::: THE DATA

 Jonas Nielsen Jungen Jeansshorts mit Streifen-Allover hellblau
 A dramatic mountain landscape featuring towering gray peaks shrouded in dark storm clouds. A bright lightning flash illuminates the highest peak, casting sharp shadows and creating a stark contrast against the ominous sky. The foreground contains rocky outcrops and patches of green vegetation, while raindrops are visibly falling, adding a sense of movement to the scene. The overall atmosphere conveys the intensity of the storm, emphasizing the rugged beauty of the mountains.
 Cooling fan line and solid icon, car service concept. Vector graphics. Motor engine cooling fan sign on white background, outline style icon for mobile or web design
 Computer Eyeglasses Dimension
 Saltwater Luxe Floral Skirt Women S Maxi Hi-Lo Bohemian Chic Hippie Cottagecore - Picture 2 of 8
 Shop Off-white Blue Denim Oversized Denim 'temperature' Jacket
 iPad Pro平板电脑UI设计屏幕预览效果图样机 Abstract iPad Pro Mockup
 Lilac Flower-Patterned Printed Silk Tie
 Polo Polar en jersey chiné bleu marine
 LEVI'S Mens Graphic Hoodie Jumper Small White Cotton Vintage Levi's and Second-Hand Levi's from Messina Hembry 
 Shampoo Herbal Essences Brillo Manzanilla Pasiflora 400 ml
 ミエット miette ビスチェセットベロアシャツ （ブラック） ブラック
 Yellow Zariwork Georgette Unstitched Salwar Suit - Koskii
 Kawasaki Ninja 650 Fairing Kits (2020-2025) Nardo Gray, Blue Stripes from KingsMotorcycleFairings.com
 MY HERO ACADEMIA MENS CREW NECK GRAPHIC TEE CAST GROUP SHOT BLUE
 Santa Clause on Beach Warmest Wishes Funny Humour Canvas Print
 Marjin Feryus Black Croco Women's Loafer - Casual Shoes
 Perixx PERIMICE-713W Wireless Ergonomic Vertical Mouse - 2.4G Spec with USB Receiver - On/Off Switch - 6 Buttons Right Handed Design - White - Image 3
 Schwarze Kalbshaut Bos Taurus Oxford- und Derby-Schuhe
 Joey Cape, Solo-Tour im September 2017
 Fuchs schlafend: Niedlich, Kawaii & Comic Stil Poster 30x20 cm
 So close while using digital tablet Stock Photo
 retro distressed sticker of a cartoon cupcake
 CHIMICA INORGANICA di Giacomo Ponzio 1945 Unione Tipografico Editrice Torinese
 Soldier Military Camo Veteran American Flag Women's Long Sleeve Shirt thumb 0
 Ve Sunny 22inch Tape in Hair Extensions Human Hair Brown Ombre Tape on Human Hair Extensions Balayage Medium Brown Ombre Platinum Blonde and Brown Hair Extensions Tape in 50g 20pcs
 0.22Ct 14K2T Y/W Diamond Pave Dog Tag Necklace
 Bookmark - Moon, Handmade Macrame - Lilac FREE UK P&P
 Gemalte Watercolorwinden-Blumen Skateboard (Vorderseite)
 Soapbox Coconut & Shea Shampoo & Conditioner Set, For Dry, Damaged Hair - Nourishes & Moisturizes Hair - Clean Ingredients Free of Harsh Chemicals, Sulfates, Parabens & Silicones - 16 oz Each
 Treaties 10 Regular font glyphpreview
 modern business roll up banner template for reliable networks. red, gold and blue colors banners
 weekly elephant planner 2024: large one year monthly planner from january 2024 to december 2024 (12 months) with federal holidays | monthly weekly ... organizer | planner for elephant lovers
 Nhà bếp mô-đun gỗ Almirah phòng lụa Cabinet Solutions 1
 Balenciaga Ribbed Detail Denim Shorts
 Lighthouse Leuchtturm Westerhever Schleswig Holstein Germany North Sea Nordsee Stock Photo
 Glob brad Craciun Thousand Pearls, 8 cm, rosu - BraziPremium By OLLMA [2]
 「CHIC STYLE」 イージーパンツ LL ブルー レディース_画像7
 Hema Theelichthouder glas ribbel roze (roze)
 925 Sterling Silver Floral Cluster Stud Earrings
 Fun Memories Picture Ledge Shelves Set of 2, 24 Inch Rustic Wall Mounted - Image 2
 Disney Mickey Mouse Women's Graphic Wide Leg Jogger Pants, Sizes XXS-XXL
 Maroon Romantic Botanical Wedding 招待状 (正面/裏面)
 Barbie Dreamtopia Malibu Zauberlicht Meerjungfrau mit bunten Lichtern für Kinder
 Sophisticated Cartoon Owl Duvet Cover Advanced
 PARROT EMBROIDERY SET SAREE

::::::

## YOUR INSTRUCTIONS
Would you please copy each line of the listing that contains the word "Hair"?

## ANSWER SECTION
 Ve Sunny 22inch Tape in Hair Extensions Human Hair Brown Ombre Tape on Human Hair Extensions Balayage Medium Brown Ombre Platinum Blonde and Brown Hair Extensions Tape in 50g 20pcs
 Soapbox Coconut & Shea Shampoo & Conditioner Set, For Dry, Damaged Hair - Nourishes & Moisturizes Hair - Clean Ingredients Free of Harsh Chemicals, Sulfates, Parabens & Silicones - 16 oz Each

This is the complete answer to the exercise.